Financial Datasets
Financial data processing caveats:
-
Match monthly data $\rightarrow$ use year-month combination, in stead of start/end of month;
- Mind the unit. Many returns are denominated in percentage.
- Returns must have matched frequency. E.g., CAPM, monthly equity returns to monthly factors, annual to annual.
- Remember to annualize the return if the data is monthly in order to get comparable return results.
- Missing values
- choose samples with a threshold length, such that individuals with too few observations are removed.
-
Cross validate data from multiple data sources if not sure whether your data process is correct. Use common sense.
For instance, a monthly return is unlikely to be 20%, annual return of 20% makes more sense.
If you see a monthly return 1.73, it is likely that it is pct-based, i.e., 1.73%, rather than 1.73 times.
Security Identifiers
ID | Definition |
---|---|
CUSIP | CUSIP is the latest eight-character CUSIP identifier for the security through the end of the file. CUSIP identifiers are supplied to CRSP by the CUSIP Service Bureau, Standard & Poor’s, a division of McGraw-Hill, Inc., American Bankers Associate database. |
ticker | The combination of ticker, exchange, and date uniquely identifies a security. A ticker may be one to three characters for NYSE and AMEX securities or four or five characters for Nasdaq securities. |
gvkey | Global Company Key |
ISIN | International Security Identification Number |
SEDOL | Stock Exchange Daily Official List. Primarily used in the UK, assigned by the London Stock Exchange. |
MIC | Market Identifier Code identifies a unique securities trading exchange, regulated and non-regulated trading market. |
One company with multiple ISIN’s, e.g., Schibsted A shares and B shares.

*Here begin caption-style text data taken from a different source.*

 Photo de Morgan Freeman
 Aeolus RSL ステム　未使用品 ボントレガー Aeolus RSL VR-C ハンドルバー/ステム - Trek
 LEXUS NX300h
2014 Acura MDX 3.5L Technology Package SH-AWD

The ticker symbol of the A share is “SCHA” and of the B share “SCHB”.
B-shares are created during a share split in May 2015. The B-shares are ordinary, fully- paid shares carrying equal rights with the A-shares in all respects except that the B-shares are low-voting shares with only one vote per share while the A-shares have 10 votes per share. Reference.
-
Takeaway point: use
ISIN
to identify equities.-
An ISIN is a 12-digit alphanumeric code that uniquely identifies a specific security.
- The numbers are allocated by a country’s respective national numbering agency (NNA).

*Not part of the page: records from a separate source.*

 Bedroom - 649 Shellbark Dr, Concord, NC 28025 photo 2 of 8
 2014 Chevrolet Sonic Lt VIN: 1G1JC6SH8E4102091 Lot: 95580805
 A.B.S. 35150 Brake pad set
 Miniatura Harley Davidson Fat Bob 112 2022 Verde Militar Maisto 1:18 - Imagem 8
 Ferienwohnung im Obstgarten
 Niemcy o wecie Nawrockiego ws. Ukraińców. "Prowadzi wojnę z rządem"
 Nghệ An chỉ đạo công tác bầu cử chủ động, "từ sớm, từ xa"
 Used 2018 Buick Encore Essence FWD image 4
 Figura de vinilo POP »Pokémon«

- An ISIN is not the same as the ticker symbol, which identifies the stock at the exchange level. The ISIN is a unique number assigned to a security that is universally recognizable.

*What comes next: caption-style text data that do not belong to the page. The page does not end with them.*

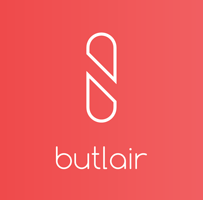 butlair logo
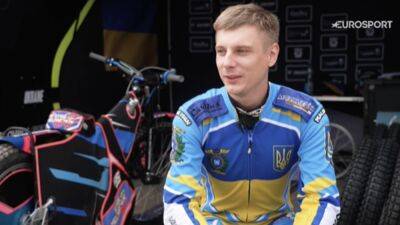 Speedway of Nations 2022: 'The situation is very hard' - Ukraine's Stanislav Melnychuk hopes to honour war-torn homeland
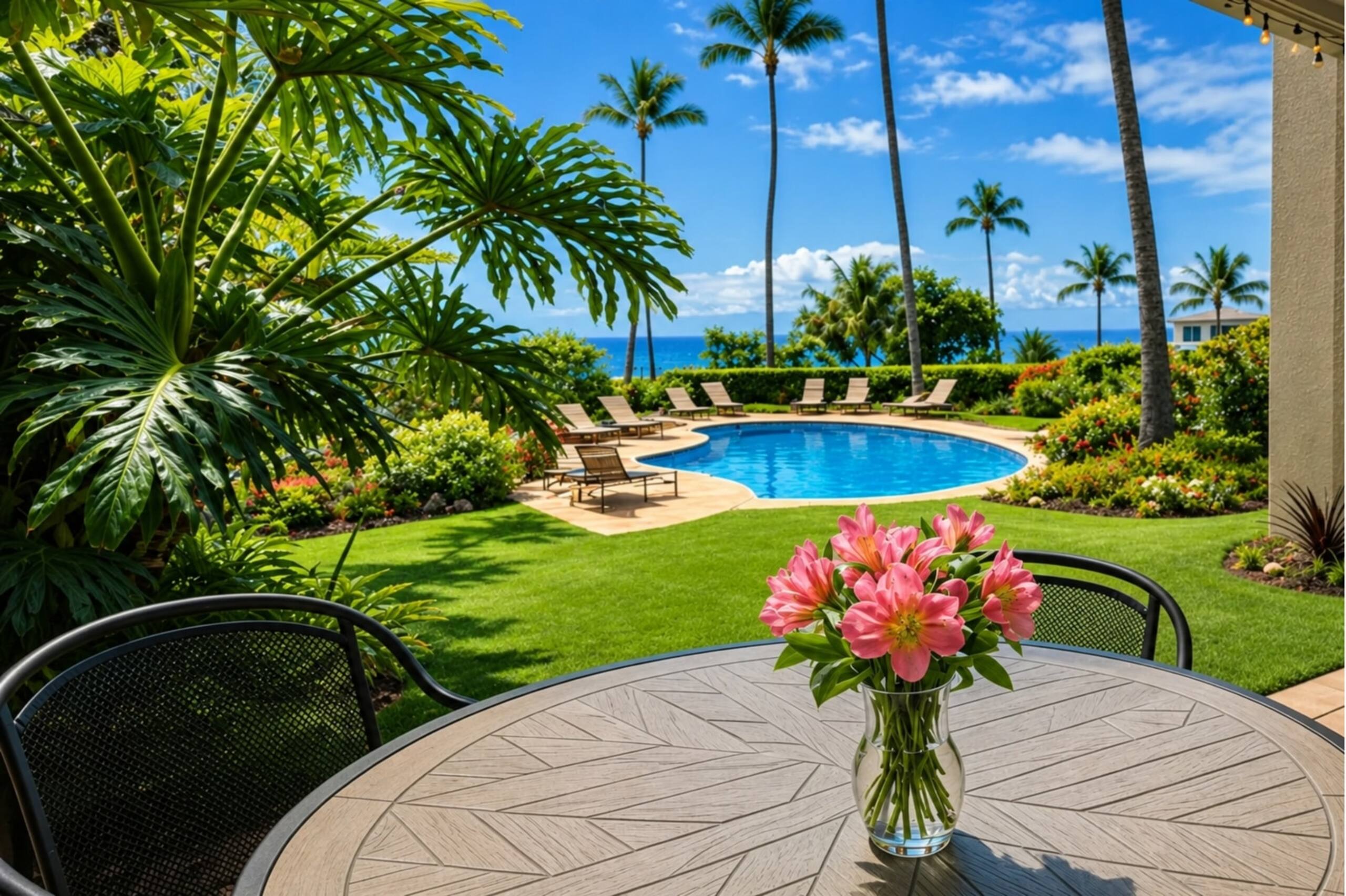 Condo in Lahaina · ★4.67 · 1 bedroom · 2 beds · 1 bath - Image 1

- For example, according to ISIN Organization, IBM common stock is traded on close to 25 trading exchanges and platforms, and its stock has a different ticker symbol depending on where it is traded. However, IBM stock has only one ISIN for each security.
-
Two industry classification systems that are widely used in equity analysis are
-
the Global Industry Classification System (GICS) sponsored by Standard & Poor’s and MSCI Barra
The GICS structure assigns each company to one of 154 subindustries, an industry (68 in total), an industry group (24 in total), and an economic sector (10 in total: consumer discretionary, consumer staples, energy, financials, health care, industrials, information tech- nology, materials, telecommunication services, and utilities).
-
the Industrial Classification Benchmark (ICB) developed by Dow Jones and FTSE, which in 2006 replaced the FTSE Global Classification System.
The ICB, like GICS, has four levels, but the terminology of ICB uses the terms sector and industry in nearly opposite senses. At the bottom of the four levels are 114 subsectors, each of which belongs to one of 41 sectors; each sector belongs to one of 19 supersectors; and each supersector belongs to one of 10 industries at the highest level of classification.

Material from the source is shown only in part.